The annual meeting, when Starbucks shareholders will vote on the composition of its eight-member board, is scheduled for March 13, 2024.
“The board’s nominating and corporate governance committee will review SOC Investment Group’s proposed director nominee(s) in accordance with its normal process,” Starbucks said in a statement.
It added it had invested more than $3 billion over the last three years on wage increases, training, new equipment and technology, and that it would do so at this pace in 2024. It also said it had increased hourly pay by nearly 50% since 2020, offered more working hours and recorded lower staff turnover.
Workers at several Starbucks stores walked off their jobs last week in a strike organized by the Workers United union during a key promotional event demanding improved staffing and schedules.
SOC said the National Labor Relations Board, a federal agency that upholds workers’ rights, has issued more than 120 complaints against Starbucks in the last two years. These include accusations of illegal discipline and firings, store closures to halt union activity, worker surveillance and the failure to bargain with workers in good faith.
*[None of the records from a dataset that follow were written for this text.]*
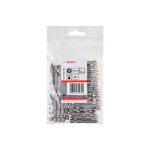 Бита Bosch Extra Hard PH2 49 мм (25 шт.) (2607002503)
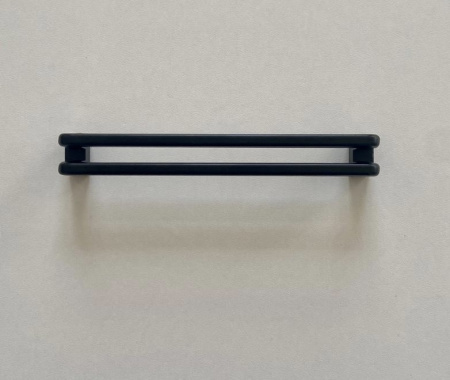 Стеллаж 1.1 коллекции Престиж (без принта) от Династия Kids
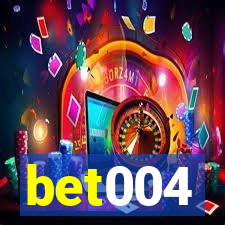 bet004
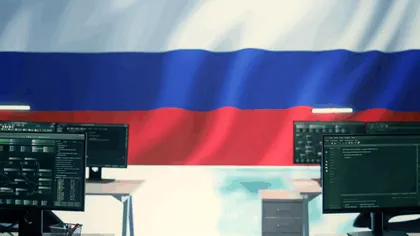 Rusia pregătește cel mai dur sistem de control al internetului. Ce urmează pentru utilizatori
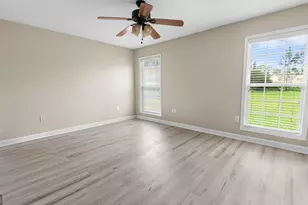 99 Jennifer Ln, Baxley, GA 31513 - Photo 22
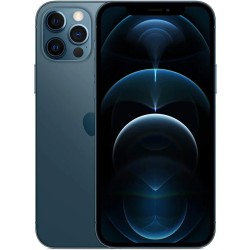 copy of Apple iPhone 12 Pro 256GB Grafito Libre Reacondicionado
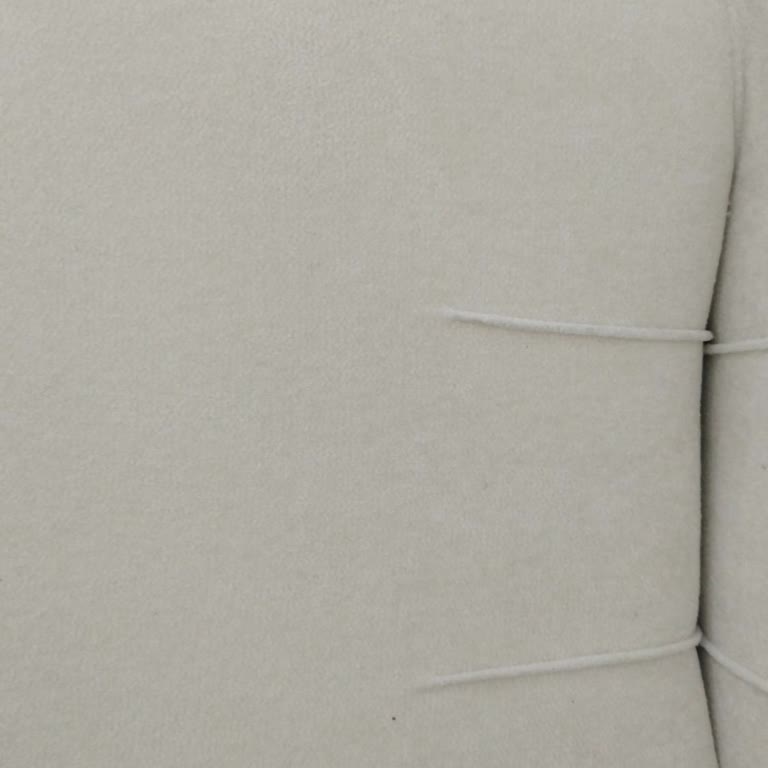 Vivense'den Alınan Mobilyalarda Kalite Ve Müşteri Hizmeti Sorunları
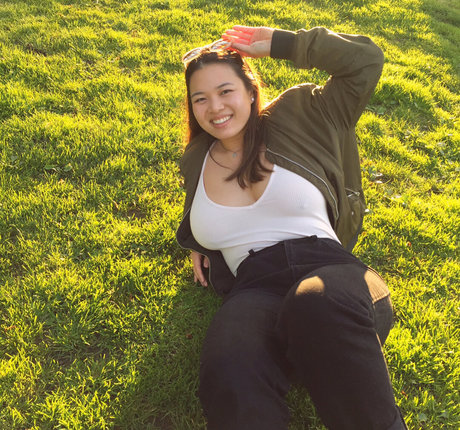 Kattjia star xxx image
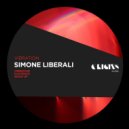 Simone Liberali - Existence (Original Mix)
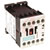 Siemens - 3RH11311AF00 - 110 V ac Coil 6 A Sirius 3RH1 4 Pole Contactor|70382489 | ChuangWei Electronics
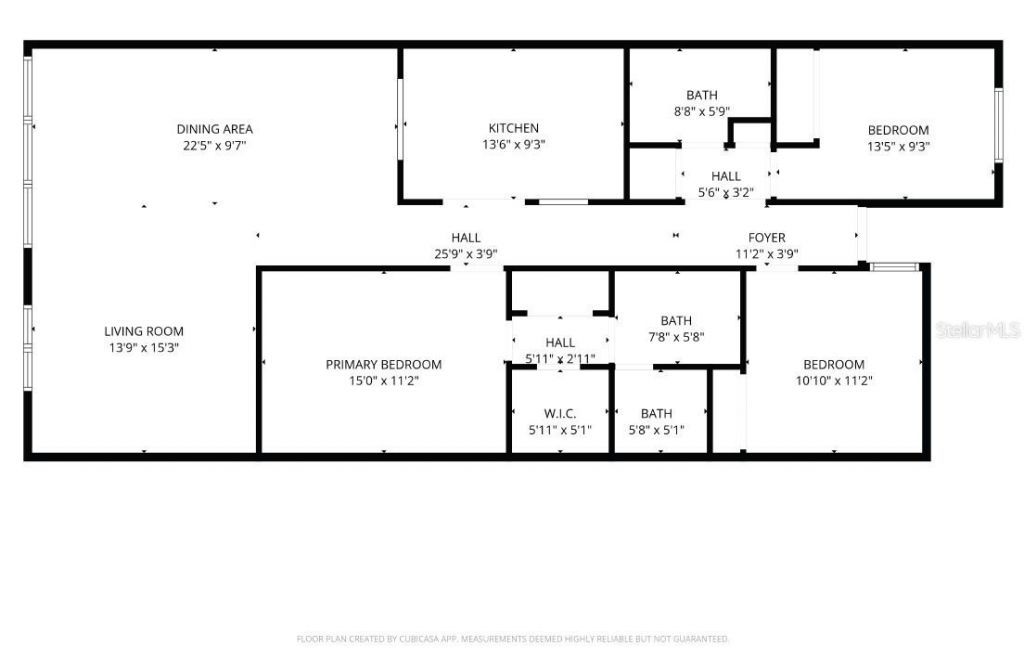 302 Sand Trap Cove , Unit 302, Longwood, FL 32779 Photo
“At a time when Starbucks has set an ambitious goal of opening more than 17,000 new stores by 2030, it cannot waste any more resources fighting its own workers,” SOC said in a statement.
A National Labor Relations Board spokesperson did not immediately respond to a request for comment.
The union represents more than 9,000 Starbucks employees at about 360 U.S. stores. It is affiliated to Service Employees International Union, which is part of SOC, a shareholder at Starbucks.
Starbucks employed about 228,000 people in the U.S. with 3.6% of Starbucks partners in U.S. company-operated stores represented by unions as of Oct. 1, according to regulatory filing.
Strikes have taken place across industries as a tight U.S. labor market, the expiry of union contracts along with still-high living costs have led to tough negotiations for pay hikes and benefits.
According to preliminary data from the U.S. Bureau of Labor Statistics, nearly 444,900 workers have been involved in work stoppages and strikes through October this year.
Starbucks said on Monday it had created a new board committee dedicated to helping it better engage with stakeholders, including the company’s employees.